15.M. Mataitoga assure les membres du Comité que dans la définition du délit de sédition figurant dans le Code pénal, l’expression «toute personne» (tentant de fomenter des sentiments d’hostilité entre différentes classes ou races de la communauté) vise toute personne physique ou morale. En conséquence, les entreprises, associations, organisations et groupes de personnes sont visés par cet article au même titre que les personnes physiques. La même interprétation est applicable à la loi relative à l’ordre public.

16.M. Mataitoga dit ensuite que le financement de la Commission des droits de l’homme ne relève pas de la compétence du Gouvernement fidjien mais de celle des donateurs internationaux. Or, l’aide internationale dont bénéficie la République des Fidji est régie par des accords bilatéraux conclus avec certains gouvernements et organisations humanitaires, qui ont toute latitude pour distribuer les fonds qu’ils débloquent.

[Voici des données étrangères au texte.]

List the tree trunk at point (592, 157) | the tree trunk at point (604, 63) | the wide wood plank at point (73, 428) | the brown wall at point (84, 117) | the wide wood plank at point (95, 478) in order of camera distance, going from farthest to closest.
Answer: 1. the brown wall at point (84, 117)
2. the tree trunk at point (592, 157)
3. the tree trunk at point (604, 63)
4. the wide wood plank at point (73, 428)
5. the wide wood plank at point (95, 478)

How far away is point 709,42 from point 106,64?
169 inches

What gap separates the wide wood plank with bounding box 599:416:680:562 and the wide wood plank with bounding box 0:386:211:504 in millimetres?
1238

Ils accordent généralement environ 50 % de ces fonds à des organismes publics et l’autre moitié à des ONG et autres institutions connues pour leur bonne gestion et leurs activités dans le domaine des droits de l’homme.

17.Enfin, M. Mataitoga estime que les lois actuellement en vigueur dans la République des Fidji sont suffisamment efficaces pour lutter contre la discrimination raciale commise par des personnes physiques ou morales et qu’il n’est donc pas nécessaire d’adopter une législation spécifique en la matière comme le prescrit l’article 4. En effet, les idées racistes ou extrémistes tombent sous le coup de la loi relative à l’ordre public et de certaines dispositions du Code pénal et ne nécessitent pas de faire l’objet d’une loi particulière. Il insiste sur le fait que la propagande et les organisations racistes ne sont absolument pas tolérées à Fidji.

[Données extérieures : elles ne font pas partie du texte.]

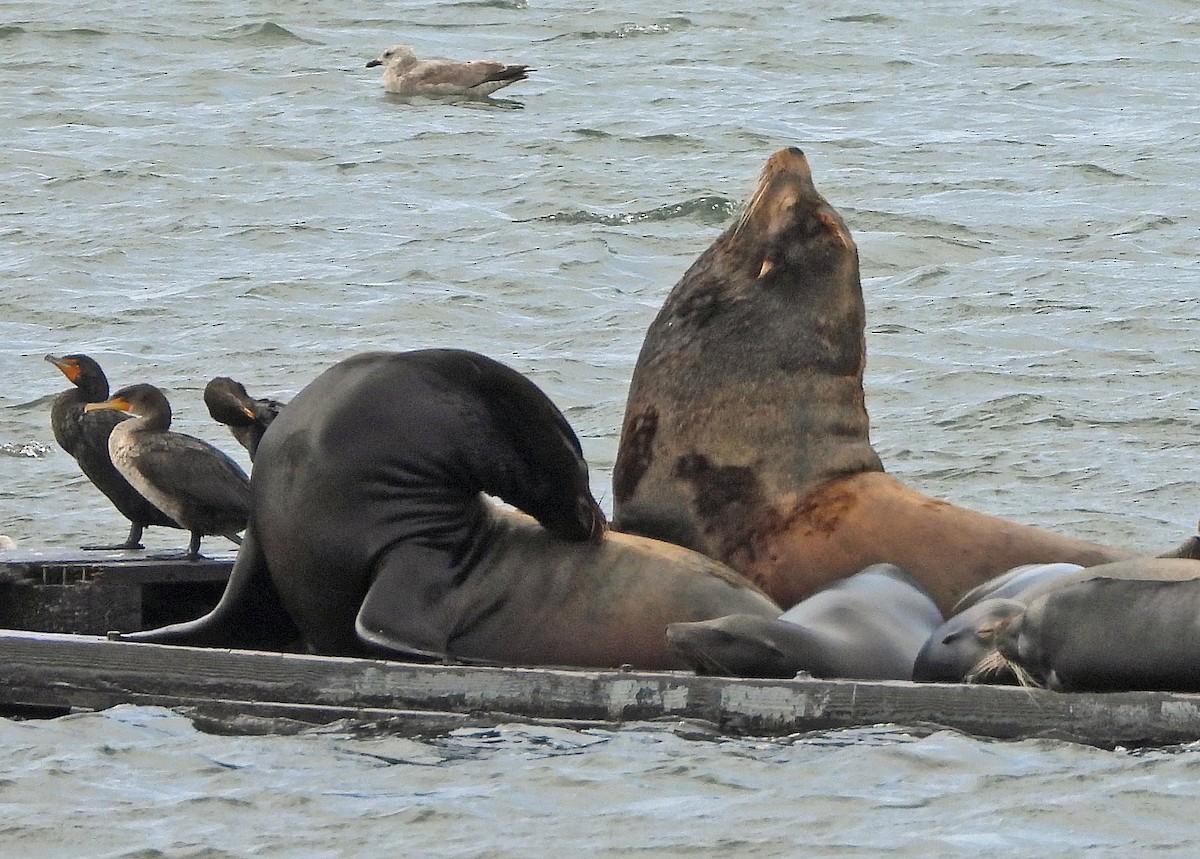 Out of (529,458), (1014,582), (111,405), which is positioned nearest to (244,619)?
(529,458)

18.M. de GOUTTES dit que les informations complémentaires fournies par la délégation, sur le fait notamment que les dispositions de la loi relative à l’ordre public s’appliquent également aux personnes morales, sont de nature à atténuer les observations faites par les membres du Comité sur la réserve de l’État partie concernant l’article 4. Il invite la délégation à communiquer au Comité les textes de la loi relative à l’ordre public et autres textes pertinents. Il souhaite ensuite savoir pourquoi le taux de suicides est plus élevé chez les Indo‑Fidjiens que dans le reste de la population.

19.M. SICILIANOS, au sujet des réserves des Fidji à l’article 5, ne comprend pas en quoi la loi relative aux élections à Fidji ne répondait pas aux obligations prévues à l’article 5 c)de la Convention et en quoi le système scolaire de Fidji ne satisfait pas aux dispositions des articles 2, 3 ou 5 e) v)de la Convention. Au regard de l’article 3, il se demande si dans les faits, le système scolaire ne favoriserait pas la ségrégation.

20.Le PRÉSIDENT, s’exprimant en tant que membre du Comité, rappelle que l’article 4 de la Convention exige que les États parties déclarent certains actes punissables par la loi et interdisent les organisations qui incitent à la discrimination raciale en adoptant des dispositions précises. Il ajoute que les personnes morales sont visées au même titre que les personnes physiques par les dispositions de la loi relative à l’ordre public qui touchent le délit de sédition et les actes de discrimination raciale et de propagande raciste, mais qu’elles ne peuvent pas pour autant être condamnées à des peines de prison. Il faut donc prévoir dans d’autres instruments des sanctions spécifiques, telles que la dissolution des organisations de ce type dotées de la personnalité morale. Il ajoute que les droits énoncés à l’article 5 de la Convention, tel que le droit à la liberté d’opinion et d’expression, ne sont pas définis comme étant des droits absolus dans d’autres instruments internationaux tels que la Charte des Nations Unies et le Pacte relatif aux droits civils et politiques et sont même soumis à des restrictions dans certains cas.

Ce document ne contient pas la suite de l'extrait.